As an introduction to the webinar, the TNS Canada office posted the following description in the invitation e-mail. It describes the Canadian strategic approach to sustainability that has emerged over the past 12 years: stakeholder dialogue, deepening understanding, increasing capacity, on-going innovation and implementation, transformation, and acceleration towards sustainability.
Over the past 10 years municipal governments and community groups have engaged thousands and thousands of Canadians to create Integrated Community Sustainability Plans (ICSPs ) that describe bold new visions for our cities and towns. Many of these plans are in the process of being implemented; changing the way that we plan and design the places we live work and play. Collectively these individual plans are adding up to a new vision for Canada. A new vision for Canadians. At the same time municipalities are experiencing challenges as they try to implement their plans.
Earlier this year, we interviewed municipal experts from across the country and gathered for an intimate dialogue to explore what’s needed to spark the sustainability transformation in our communities. Transformational change requires questioning and evolving our mental models, the short-hand filters we use to make sense out of the world. It requires re-thinking, deep learning, and integration of new ways of being in the world. It’s hard work. It requires commitment, care, purpose, and support. It is deeply rewarding. The visions that Canadian municipalities have created are bold enough so that reaching them will require this type of transformational change. What does it take to create the conditions for transformation? Are our communities ready to undertake this journey together?
During this webinar we will provide a summary of our research and dialogue to date, and ask your for feedback as we synthesize the findings from this research into a final report.

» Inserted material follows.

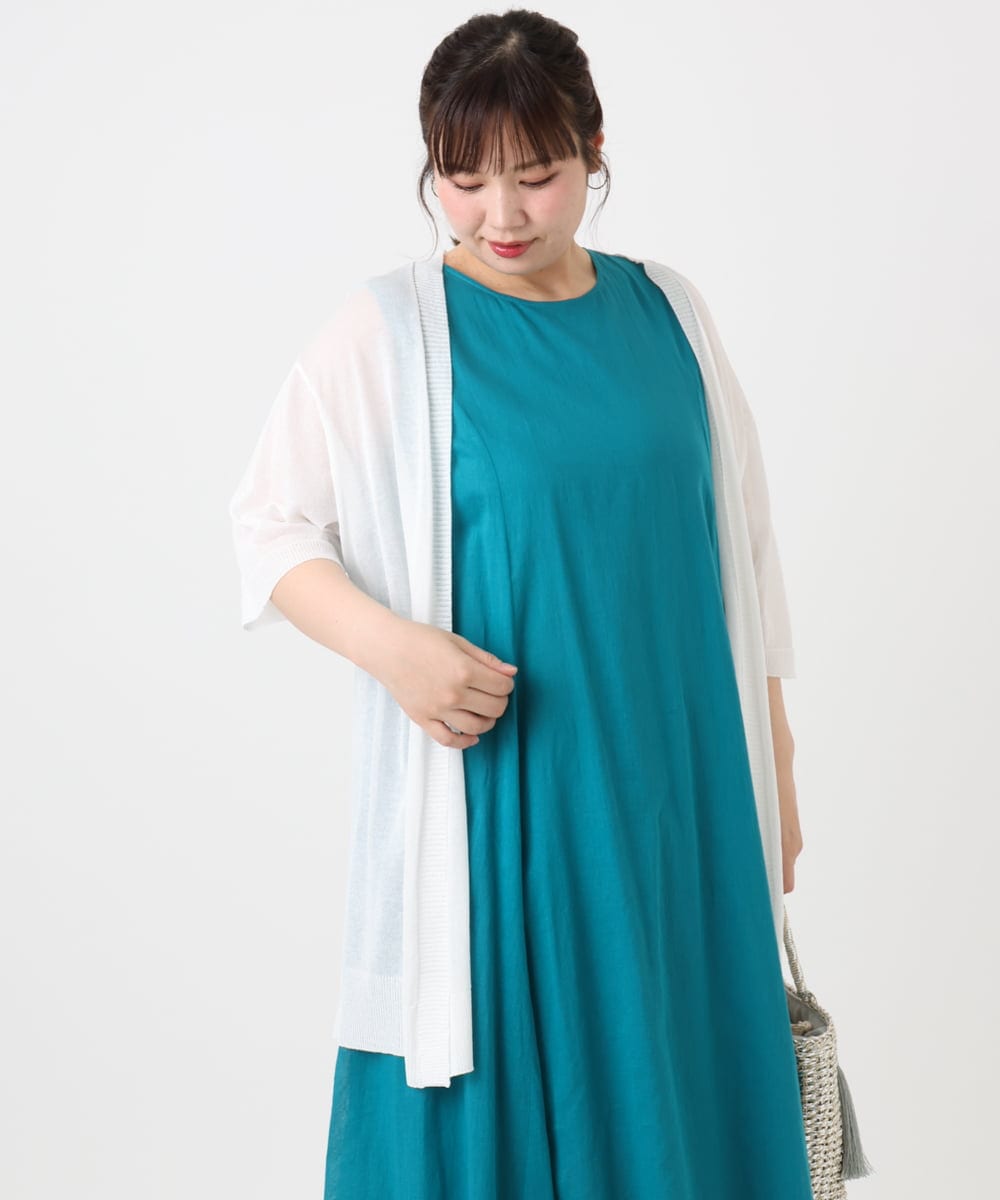 OLCHA21089 eur3(エウルキューブ) 【WEB先行販売】【大きいサイズ/接触冷感】ハーフスリーブカーディガン ホワイト(90)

We are also embarking on a new research project that will review the state of sustainability plan implementation in Canada. This research will help to identify some of the new tools, resources and next practices from leading communities. During the Dialogue we will provide you with more information on this new project.
An email sent summarizing the webinar discussion and providing some resources to the Exchange Network member practitioners stated the following:
The majority of Dialogue participants were sustainability practitioners working in municipalities. Bringing their own personal experiences and perspectives from across Canada, the group engaged in a great conversation on the current challenges facing Canadian communities.
John Purkis, Senior Advisor and Senior Manager, Sustainable Communities Program, TNS Canada, led the webinar. John believes that Canada is nearing the tipping point of revolutionizing how all Canadian communities are developed because municipalities across the nation have made real progress in developing and implementing ICSP’s. However, not everyone on the call was so optimistic. As with many organizations, municipalities face resource and political constraints that can often derail even the most well-intentioned sustainability efforts.
The group discussed tools that have helped them overcome barriers to implementing ICSP’s. The resources mentioned are listed below:
“Strategic Question Assessment: Accessing Actions Using Whistler2020 Worksheet” This 2 page document is a “back-of-the-envelope worksheet that outlines four strategic questions to help you assess any type of action, project, initiative and proposal using Whistler2020 to inform your decision-making.” Although this tool is based on Whistler’s context, it may be useful for other sustainability practitioners looking to embed sustainability into their everyday decision making.
“Passing Go: Moving Beyond the Plan”, Dr. Amelia Clarke Dr. Clarke’s presentation, published with The Federation of Canadian Municipalities, provides success factors for ICSP implementation. Canadian success stories are included.
Bob Willard’s customizable ‘The Sustainability Advantage Worksheets’ Drawing on his experience working for IBM, Bob Willard created worksheets for you to calculate the business case for a sustainability initiative. Plug in your numbers to either the worksheet for Large Enterprises or the SME Version of the document. For more information, please see Bob’s website.
Slide deck from the Dialogue John Purkis’ slide deck, which includes initial findings from research John is conducting for Infrastructure Canada which reviews the state of implementation of ICSP’s in Canada.